Data excerpts:

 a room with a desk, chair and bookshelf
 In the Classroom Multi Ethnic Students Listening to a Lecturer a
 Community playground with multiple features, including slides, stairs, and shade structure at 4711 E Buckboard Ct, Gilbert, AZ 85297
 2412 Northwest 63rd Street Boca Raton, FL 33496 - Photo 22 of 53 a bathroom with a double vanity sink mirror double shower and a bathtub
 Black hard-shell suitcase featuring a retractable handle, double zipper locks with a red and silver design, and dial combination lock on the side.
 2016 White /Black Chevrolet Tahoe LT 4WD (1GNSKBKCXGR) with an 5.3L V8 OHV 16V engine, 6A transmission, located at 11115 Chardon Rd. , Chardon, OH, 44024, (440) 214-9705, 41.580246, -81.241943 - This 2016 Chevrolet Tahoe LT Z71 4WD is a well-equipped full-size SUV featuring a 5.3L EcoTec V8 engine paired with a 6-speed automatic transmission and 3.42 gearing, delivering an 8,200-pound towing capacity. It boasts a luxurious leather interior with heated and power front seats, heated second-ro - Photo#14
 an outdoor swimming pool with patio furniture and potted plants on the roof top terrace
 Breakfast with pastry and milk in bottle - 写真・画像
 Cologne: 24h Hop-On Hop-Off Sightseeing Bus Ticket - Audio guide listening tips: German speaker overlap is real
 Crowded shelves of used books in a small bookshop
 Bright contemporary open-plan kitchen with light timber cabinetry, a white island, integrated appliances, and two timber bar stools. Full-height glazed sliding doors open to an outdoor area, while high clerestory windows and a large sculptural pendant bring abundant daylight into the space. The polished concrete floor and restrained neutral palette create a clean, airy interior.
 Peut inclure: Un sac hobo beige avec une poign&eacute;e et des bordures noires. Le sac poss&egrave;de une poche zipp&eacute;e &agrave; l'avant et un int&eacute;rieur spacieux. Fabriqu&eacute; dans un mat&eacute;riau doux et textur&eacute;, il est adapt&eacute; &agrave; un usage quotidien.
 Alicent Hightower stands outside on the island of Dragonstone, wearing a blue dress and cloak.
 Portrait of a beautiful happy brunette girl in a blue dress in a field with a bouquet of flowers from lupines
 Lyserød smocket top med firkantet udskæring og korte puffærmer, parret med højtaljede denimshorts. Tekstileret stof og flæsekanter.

Task to carry out:
Copy the lines above exactly, beginning at the line containing "Black hard-shell suitcase" and stopping at the last line.

Solved problem:
 Black hard-shell suitcase featuring a retractable handle, double zipper locks with a red and silver design, and dial combination lock on the side.
 2016 White /Black Chevrolet Tahoe LT 4WD (1GNSKBKCXGR) with an 5.3L V8 OHV 16V engine, 6A transmission, located at 11115 Chardon Rd. , Chardon, OH, 44024, (440) 214-9705, 41.580246, -81.241943 - This 2016 Chevrolet Tahoe LT Z71 4WD is a well-equipped full-size SUV featuring a 5.3L EcoTec V8 engine paired with a 6-speed automatic transmission and 3.42 gearing, delivering an 8,200-pound towing capacity. It boasts a luxurious leather interior with heated and power front seats, heated second-ro - Photo#14
 an outdoor swimming pool with patio furniture and potted plants on the roof top terrace
 Breakfast with pastry and milk in bottle - 写真・画像
 Cologne: 24h Hop-On Hop-Off Sightseeing Bus Ticket - Audio guide listening tips: German speaker overlap is real
 Crowded shelves of used books in a small bookshop
 Bright contemporary open-plan kitchen with light timber cabinetry, a white island, integrated appliances, and two timber bar stools. Full-height glazed sliding doors open to an outdoor area, while high clerestory windows and a large sculptural pendant bring abundant daylight into the space. The polished concrete floor and restrained neutral palette create a clean, airy interior.
 Peut inclure: Un sac hobo beige avec une poign&eacute;e et des bordures noires. Le sac poss&egrave;de une poche zipp&eacute;e &agrave; l'avant et un int&eacute;rieur spacieux. Fabriqu&eacute; dans un mat&eacute;riau doux et textur&eacute;, il est adapt&eacute; &agrave; un usage quotidien.
 Alicent Hightower stands outside on the island of Dragonstone, wearing a blue dress and cloak.
 Portrait of a beautiful happy brunette girl in a blue dress in a field with a bouquet of flowers from lupines
 Lyserød smocket top med firkantet udskæring og korte puffærmer, parret med højtaljede denimshorts. Tekstileret stof og flæsekanter.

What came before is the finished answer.